» **Task prompt**: Please return the lines from the one with "体育游戏app平台随后先知牵" through the end of the listing below, word for word, with every picture left out.

» **Exercise input**:

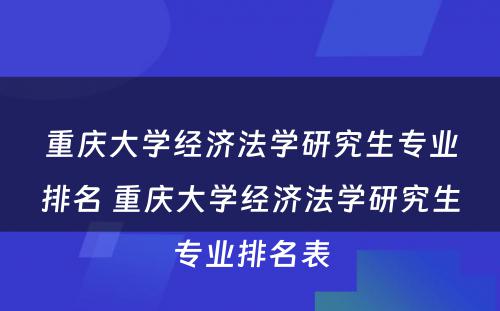 重庆大学经济法学研究生专业排名 重庆大学经济法学研究生专业排名表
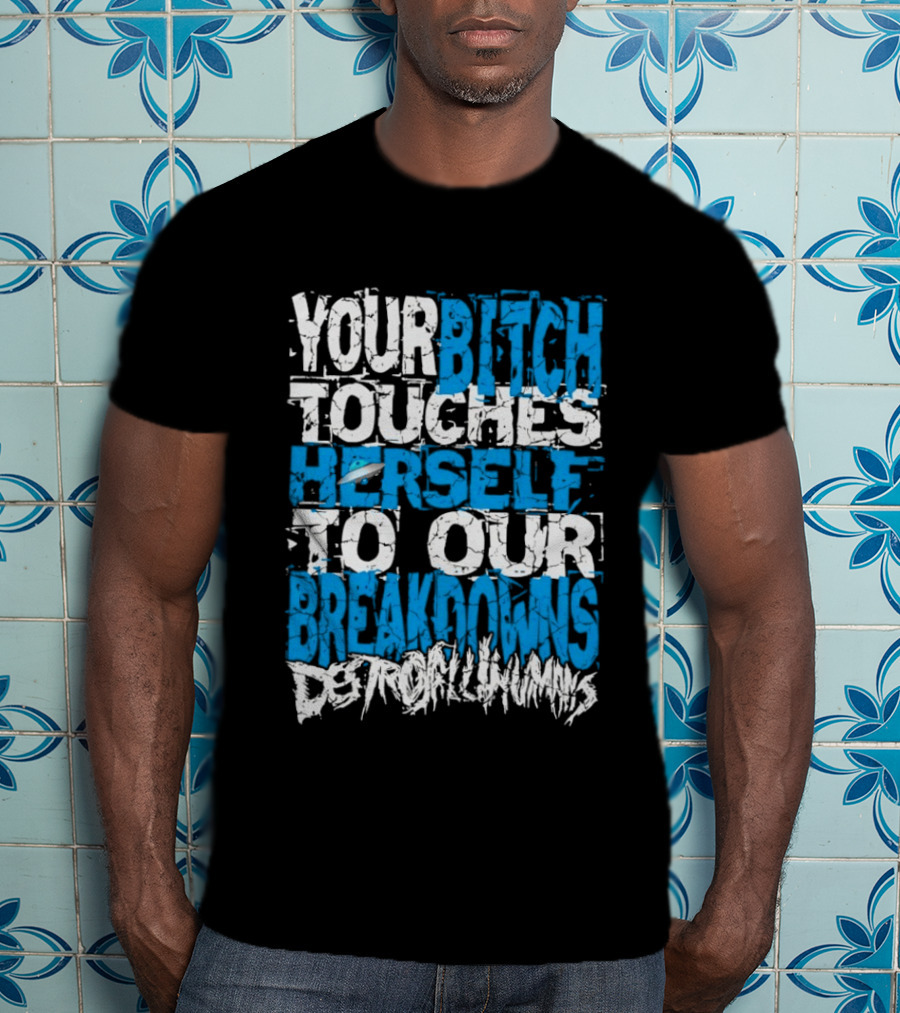 Your Bitch Touches Herself To Our Breakdowns Detroit Diamonds T-Shirt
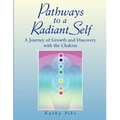 Pathways to a Radiant Self - Paperback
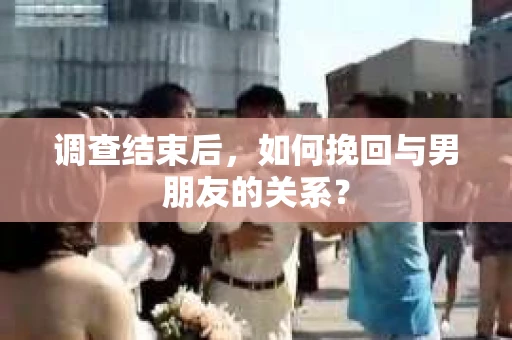 调查结束后，如何挽回与男朋友的关系？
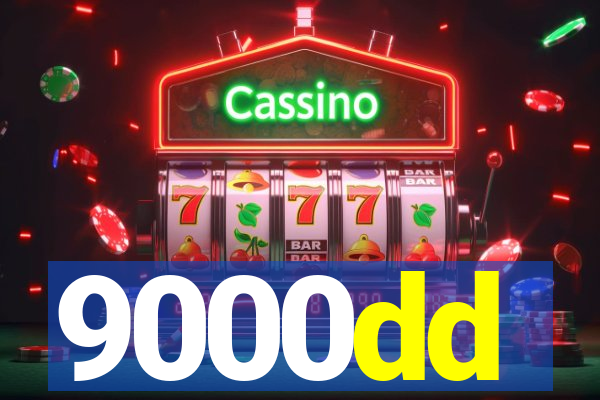 9000dd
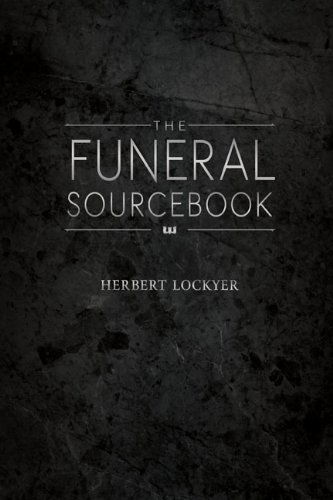 Cover for Herbert Lockyer · The Funeral Sourcebook (Hardcover Book) (2013)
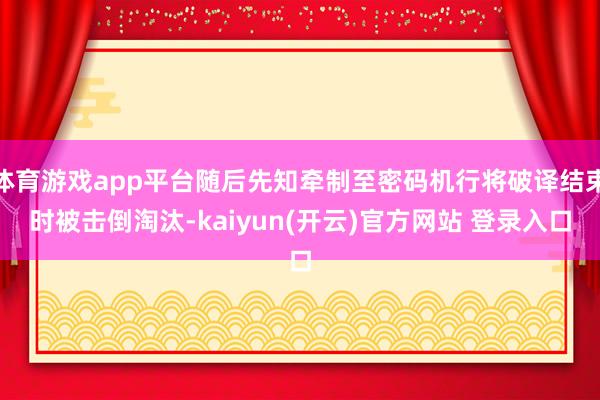 体育游戏app平台随后先知牵制至密码机行将破译结束时被击倒淘汰-kaiyun(开云)官方网站 登录入口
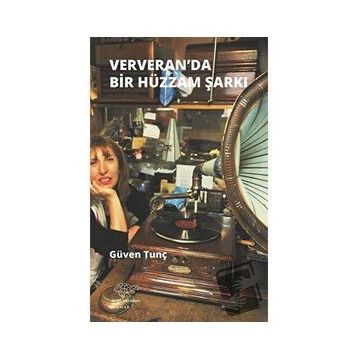Ververan'da Hüzzam Bir Şarkı - Güven Tunç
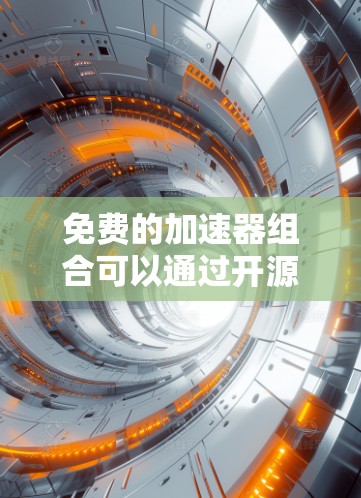 免费的加速器组合可以通过开源工具和框架来实现高效的计算。以下是一些常用的免费加速器和组合工具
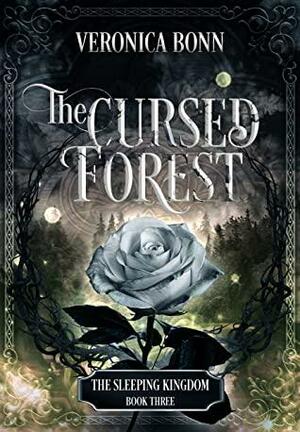 The Cursed Forest by Veronica Bonn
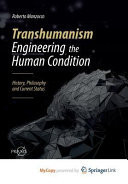Transhumanism - Engineering the Human Condition: History, Philosophy and Current Status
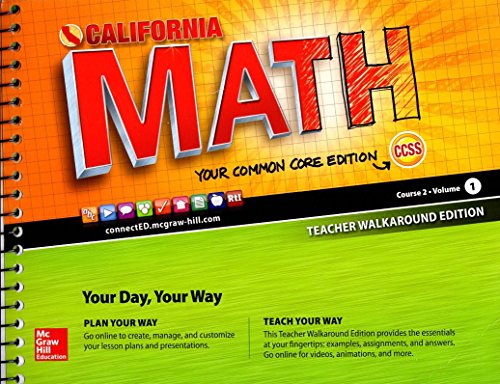 Stock image for California Math - Your Common Core Edition Course 2 Vol. 1 Teacher Walkaround Edition for sale by Goodwill Southern California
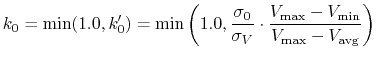 $\displaystyle k_0 = \min(1.0, k'_0) = \min \left( 1.0, \frac{\sigma_0}{\sigma_V} \cdot \frac{V_\text{max} - V_\text{min}}{V_\text{max} - V_\text{avg}} \right)$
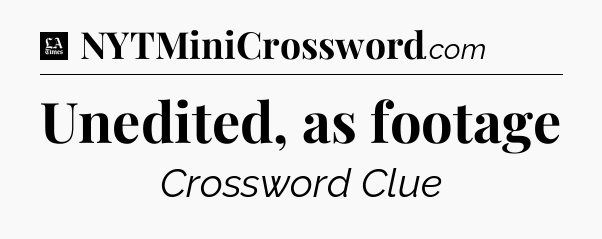 Unedited, as footage - LA Times Crossword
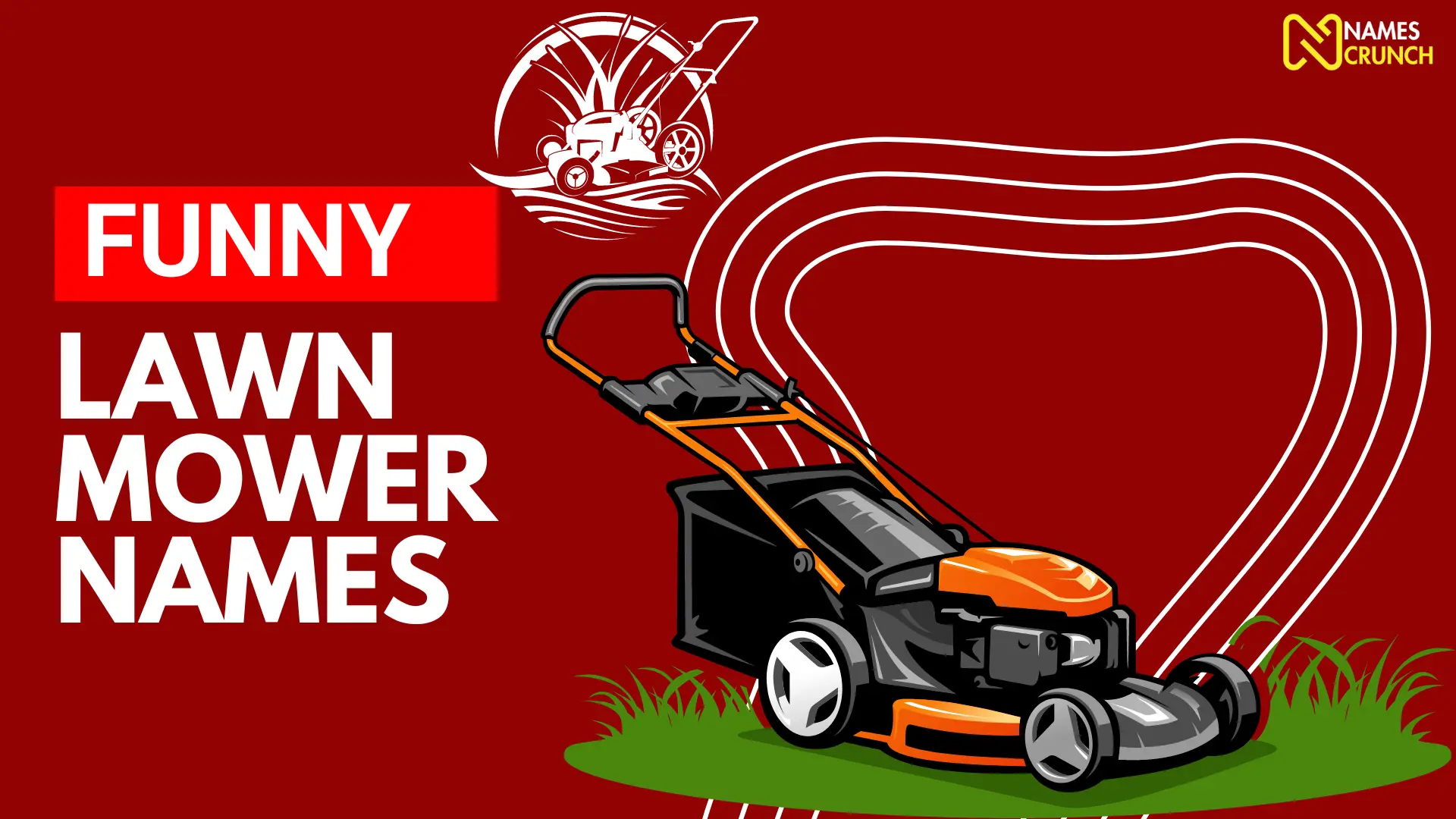 Funny Lawn Mower Names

» **Solution to the problem**:
 体育游戏app平台随后先知牵制至密码机行将破译结束时被击倒淘汰-kaiyun(开云)官方网站 登录入口
Ververan'da Hüzzam Bir Şarkı - Güven Tunç
 免费的加速器组合可以通过开源工具和框架来实现高效的计算。以下是一些常用的免费加速器和组合工具
 The Cursed Forest by Veronica Bonn
Transhumanism - Engineering the Human Condition: History, Philosophy and Current Status
 Stock image for California Math - Your Common Core Edition Course 2 Vol. 1 Teacher Walkaround Edition for sale by Goodwill Southern California
 $\displaystyle k_0 = \min(1.0, k'_0) = \min \left( 1.0, \frac{\sigma_0}{\sigma_V} \cdot \frac{V_\text{max} - V_\text{min}}{V_\text{max} - V_\text{avg}} \right)$
 Unedited, as footage - LA Times Crossword
 Funny Lawn Mower Names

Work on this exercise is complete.